Het Frysk Ljeppers Boun (FLB) besloot het fierljeppen beter te organiseren . De verbeteringen kwamen er: officiële afmetingen voor de schansen, water-breedte en diepte, met lopers belegde aanloopplankieren, zachte zandbedden op de landingsplaatsen, langere polsstokken van 8,5 en soms 9,5 meter, rugnummers voor de deelnemers, kleding voorschriften (zwarte broek en effen shirt) en dweilen om de polsstokken af te kunnen drogen. Het geheel vond plaats op een afgeschermd wedstrijdgedeelte en werd op vakkundige manier van commentaar voorzien.
De springers die mee wilden doen aan het Fries kampioenschap moesten lid zijn van de bond, een startkaart hebben en minimaal aan drie wedstrijden mee hebben gedaan. In Friesland waren een tiental dorpen die gedurende het fierljepseizoen wedstrijden organiseerden.

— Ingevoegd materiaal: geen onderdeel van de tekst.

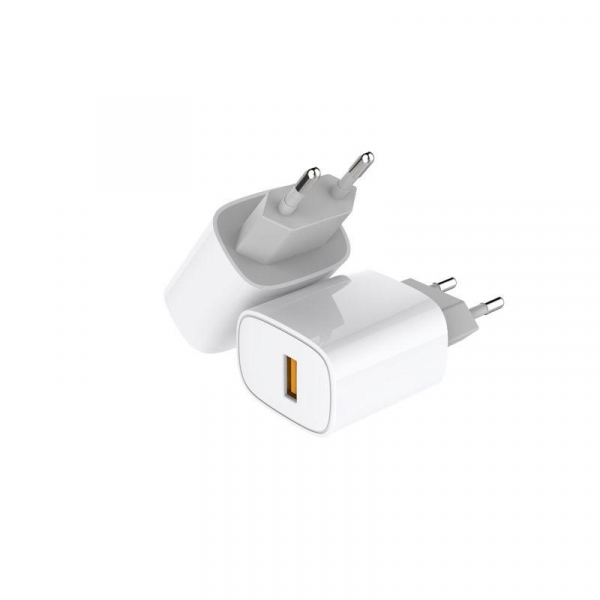 Устройство зарядное сетевое с одним портом USB-A 10Вт Rexant 18-2212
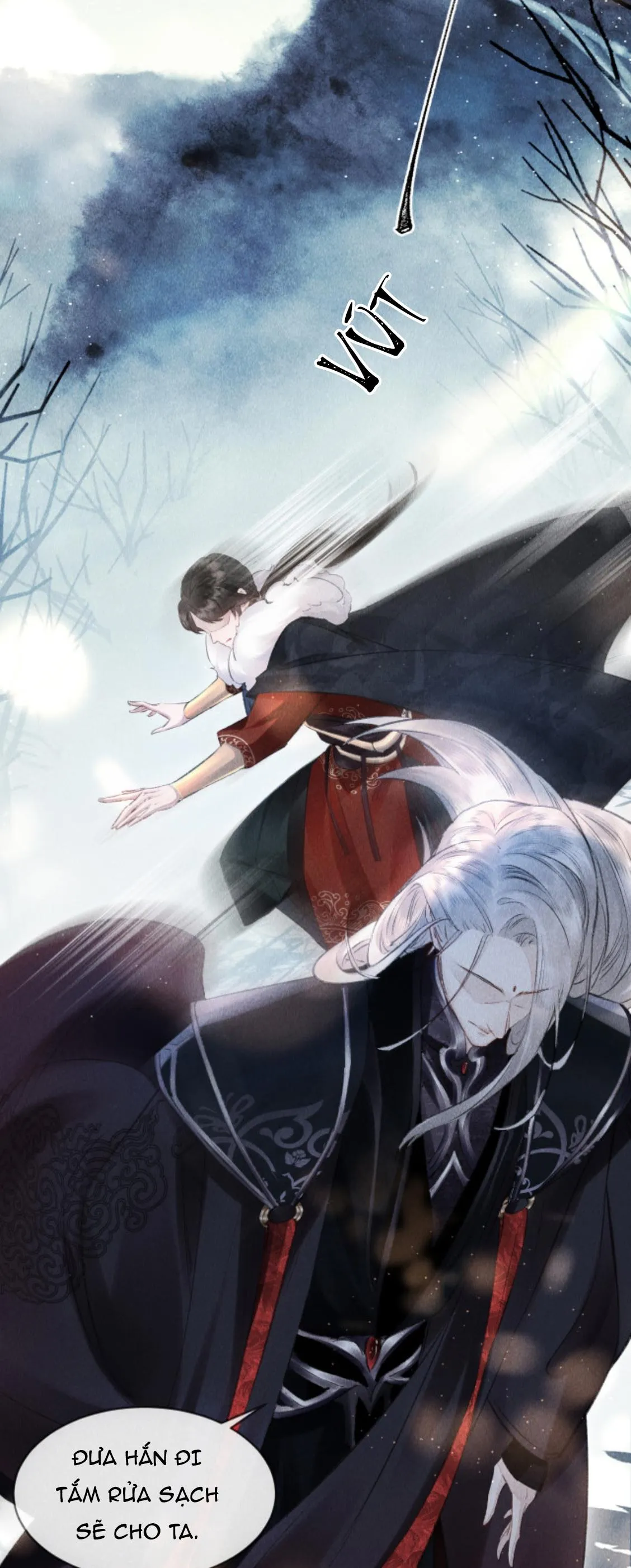 Giáo Chủ Thích Ức Hiếp Người Chapter 4 Trang 19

In een normale wedstrijd mocht elke ljepper twee keer springen. Na de reguliere wedstrijd mochten de drie beste springers nogmaals twee keer springen om uit te maken wie er kampioen van de dag zou worden. Sinds 1957 is Winsum de thuisbasis van het Fries kampioenschap maar toen werd ook al gesprongen in Burgum, Drachten, Akmarijp, Idskenhuizen, Vrouwbuurt en Makkum. Vanaf 1975 werd er gesprongen met aluminium polsstokken die gemaakt werden door lichtmastenfabrikant Alcoa in Drunen (Brabant) en een maximale lengte hadden van 11 meter. In verband met de veiligheid mocht er men tot maximaal 12,50 meter lange polsstok gebruiken. Toen in 2006 de carbon polsstok zijn intrede deed was het mogelijk om met een langere polsstok (12 meter en tot 13,25 meter met opzetstuk) verder dan voorheen te springen. In 2006 sprongen vier fierljeppers al verder dan het toen vijftien jaar oude record van Aart de With (19,40 meter).
Sinds de oprichting zijn er ongeveer 30 verenigingen geweest waarvan het overgrote deel inmiddels is verdwenen. De Friese verenigingen die nu nog bestaan zijn Grijpskerk, Buitenpost, Burgum, Winsum, IJlst en It Heidenskip.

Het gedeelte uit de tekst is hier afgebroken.